# DATA LISTING
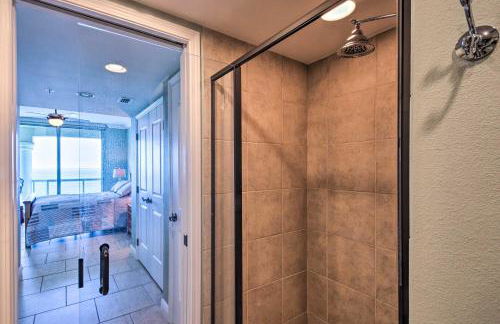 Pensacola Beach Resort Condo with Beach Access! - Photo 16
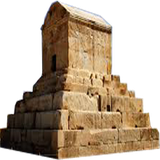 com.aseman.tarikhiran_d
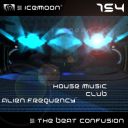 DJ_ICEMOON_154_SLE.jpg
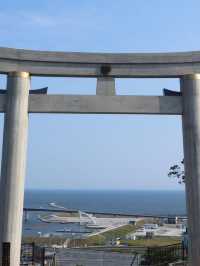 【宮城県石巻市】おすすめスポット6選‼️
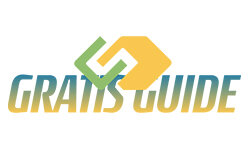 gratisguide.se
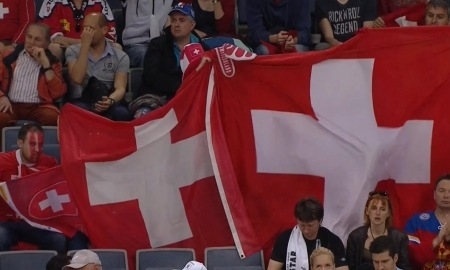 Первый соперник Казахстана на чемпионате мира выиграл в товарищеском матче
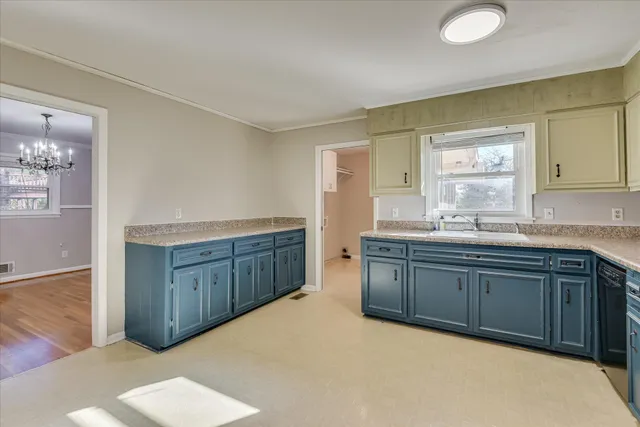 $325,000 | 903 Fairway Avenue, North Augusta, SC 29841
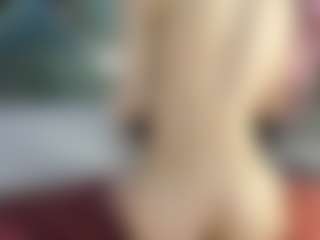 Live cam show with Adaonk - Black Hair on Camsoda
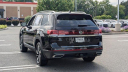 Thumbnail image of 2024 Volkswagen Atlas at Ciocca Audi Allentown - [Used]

# WHAT IS BEING ASKED
Starting at the line that contains "Live cam show", reproduce every line through the last one in the records exactly, and omit all pictures.

# SOLUTION FOR THIS PROBLEM
 Live cam show with Adaonk - Black Hair on Camsoda
 Thumbnail image of 2024 Volkswagen Atlas at Ciocca Audi Allentown - [Used]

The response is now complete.